Big Brother grows: 50 police agencies use military radar that lets them peer into homes



By Cheryl K. Chumley - The Washington Times - Wednesday, January 21, 2015

Radar intended for the military has seeped into the civilian sector and at least 50 different law enforcement agencies — including the FBI and the U.S. Marshall’s Service — are now using technology that lets them peer into people’s homes via radio waves.

The U.S. Marshals Service has spent $180,000 or so on the Range-R devices — which can detect the slightest of motions, even human breathing — over the past two years, United Press International reported. USA Today reported that some of the 50 agencies that have started using the equipment did so without giving public notice.

Civil rights advocates are concerned.

“What happens in your home is supposed to receive the highest level of protection under the law,” said Christopher Soghoian, principal technologist for the American Civil Liberties Union, UPIreported. “At least if the police kick down your front door or knock on your front door and demand to come in, you know they are looking inside … you can at least voice your opposition. When the police use a device like this, you have no idea that they are doing it.”

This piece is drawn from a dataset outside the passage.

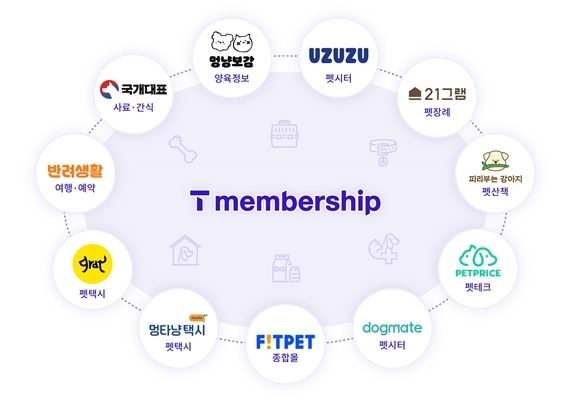  T멤버십 반려동물 관련 제휴사∙서비스. ⓒ 파이낸셜데일리 / SKT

Mr. Soghoian also criticized the way in which the technology has woven into the civilian sector.

“When law enforcement agencies introduce surveillance technology without telling Congress and the courts, it short-circuits democracy,” he said, UPI reported.

In December, a federal appeals court in Denver upheld the arrest of a parole violator that came from marshals’ use of Range-R. But the judge said the technology was worrisome and said there was “little doubt that the radar device deployed here will soon generate many questions for this court,” UPI reported.